* [TASK PROMPT]:
Restate word for word the lines in the listing below, starting at the line containing "Teacher PNG: Simple" and ending at the line containing "SANDALES BRIDES ET NŒUD - Noir de Zara", both included; leave out the rest.

━━━ INPUT FOR THIS TASK

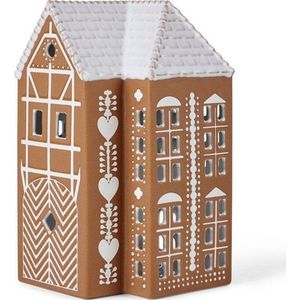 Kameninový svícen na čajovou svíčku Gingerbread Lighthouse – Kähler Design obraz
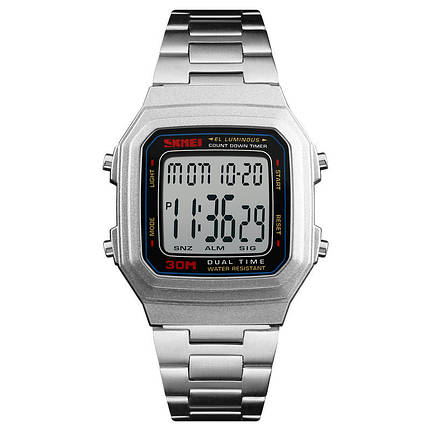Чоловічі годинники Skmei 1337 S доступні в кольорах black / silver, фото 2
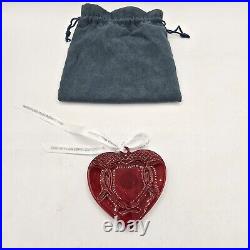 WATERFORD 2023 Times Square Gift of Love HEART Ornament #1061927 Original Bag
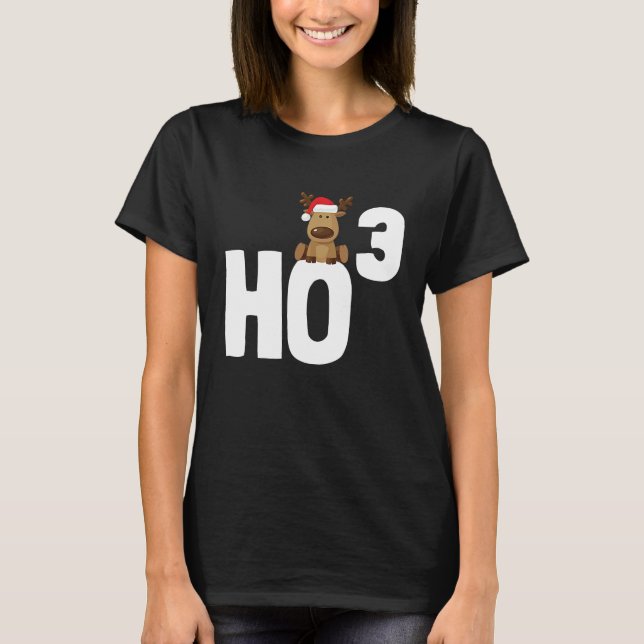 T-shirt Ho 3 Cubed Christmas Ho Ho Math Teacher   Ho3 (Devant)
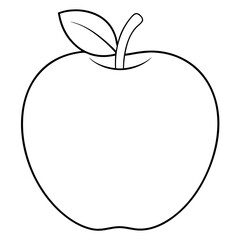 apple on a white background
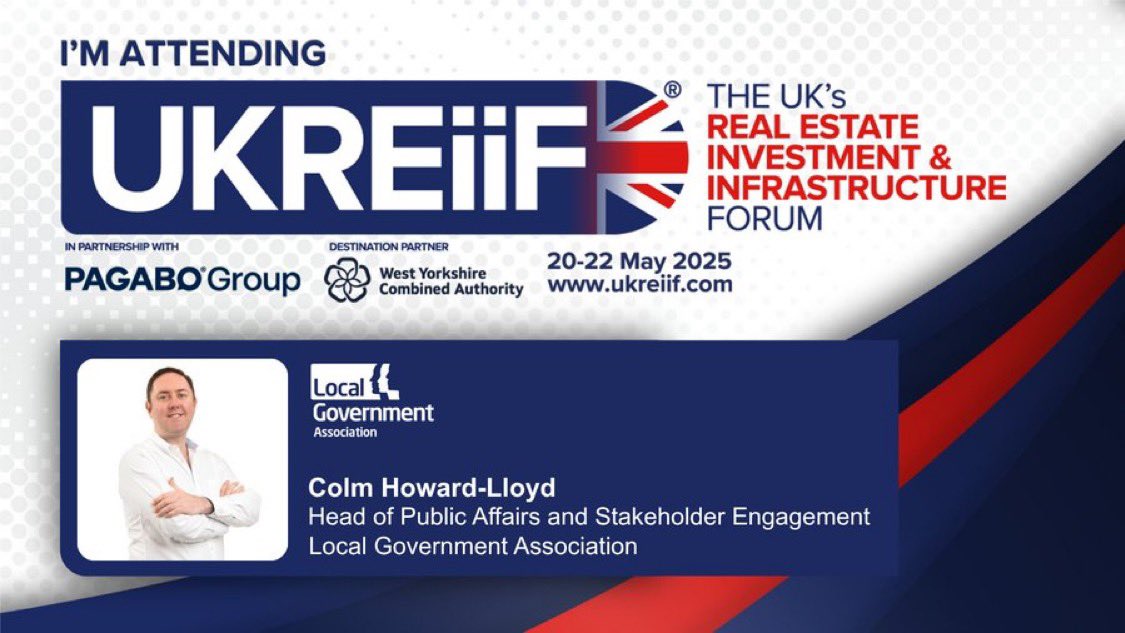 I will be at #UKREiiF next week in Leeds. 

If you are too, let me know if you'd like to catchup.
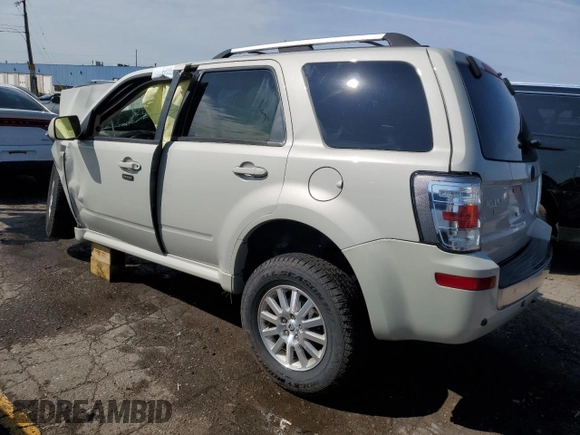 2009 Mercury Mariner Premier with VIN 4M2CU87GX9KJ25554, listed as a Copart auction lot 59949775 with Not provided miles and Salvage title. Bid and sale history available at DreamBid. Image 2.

━━━━━━
━━━ INPUT FOR THIS TASK

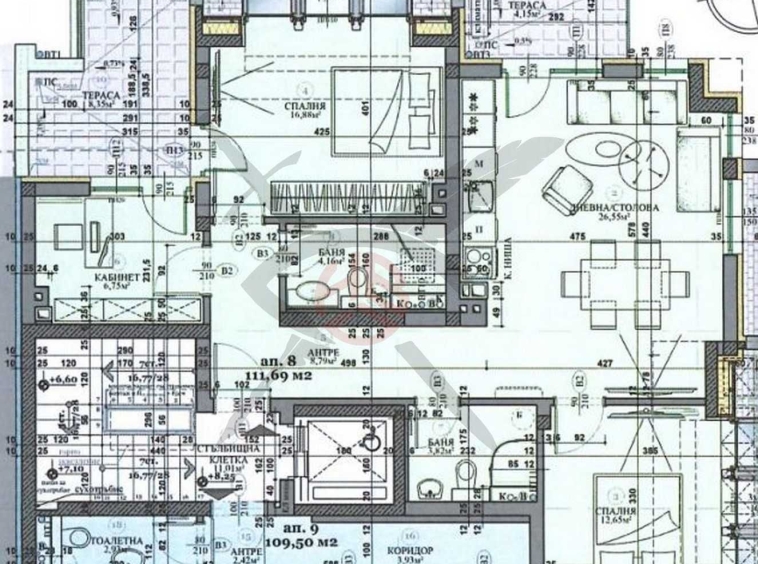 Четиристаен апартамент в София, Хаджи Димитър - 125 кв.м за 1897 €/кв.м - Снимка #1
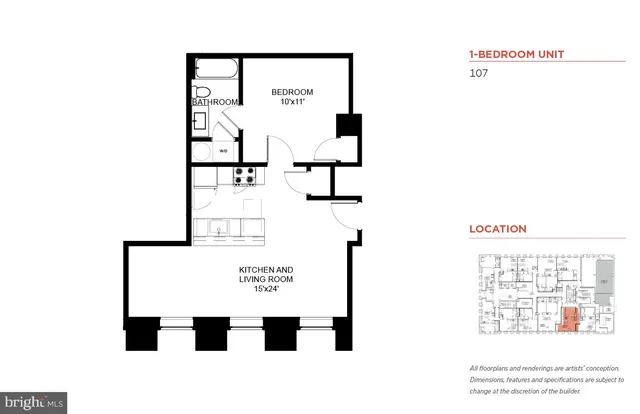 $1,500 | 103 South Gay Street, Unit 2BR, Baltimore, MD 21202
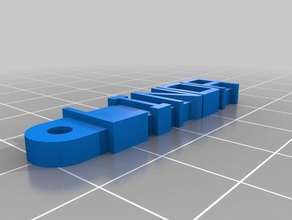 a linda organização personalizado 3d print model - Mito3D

━━━━━━
━━━ INPUT FOR THIS TASK

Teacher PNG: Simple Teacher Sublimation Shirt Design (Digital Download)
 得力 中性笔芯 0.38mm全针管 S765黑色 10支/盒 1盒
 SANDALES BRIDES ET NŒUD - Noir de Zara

━━━━━━

* [WORKED SOLUTION]:
Teacher PNG: Simple Teacher Sublimation Shirt Design (Digital Download)
 得力 中性笔芯 0.38mm全针管 S765黑色 10支/盒 1盒
 SANDALES BRIDES ET NŒUD - Noir de Zara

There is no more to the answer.